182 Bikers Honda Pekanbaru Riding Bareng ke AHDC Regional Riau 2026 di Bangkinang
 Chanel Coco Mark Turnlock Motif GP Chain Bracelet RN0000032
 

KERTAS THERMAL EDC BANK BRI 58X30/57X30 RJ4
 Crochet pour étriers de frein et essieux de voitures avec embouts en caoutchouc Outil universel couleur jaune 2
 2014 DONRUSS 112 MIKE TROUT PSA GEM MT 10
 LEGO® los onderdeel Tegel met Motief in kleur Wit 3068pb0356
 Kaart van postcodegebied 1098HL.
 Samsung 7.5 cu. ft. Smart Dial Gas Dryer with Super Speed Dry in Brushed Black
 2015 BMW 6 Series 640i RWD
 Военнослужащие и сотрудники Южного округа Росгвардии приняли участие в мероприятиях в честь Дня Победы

▬▬▬▬▬▬

WHAT IS EXPECTED = Repeat the data word for word, leaving out no line.

TASK RESULT =
182 Bikers Honda Pekanbaru Riding Bareng ke AHDC Regional Riau 2026 di Bangkinang
 Chanel Coco Mark Turnlock Motif GP Chain Bracelet RN0000032
 

KERTAS THERMAL EDC BANK BRI 58X30/57X30 RJ4
 Crochet pour étriers de frein et essieux de voitures avec embouts en caoutchouc Outil universel couleur jaune 2
 2014 DONRUSS 112 MIKE TROUT PSA GEM MT 10
 LEGO® los onderdeel Tegel met Motief in kleur Wit 3068pb0356
 Kaart van postcodegebied 1098HL.
 Samsung 7.5 cu. ft. Smart Dial Gas Dryer with Super Speed Dry in Brushed Black
 2015 BMW 6 Series 640i RWD
 Военнослужащие и сотрудники Южного округа Росгвардии приняли участие в мероприятиях в честь Дня Победы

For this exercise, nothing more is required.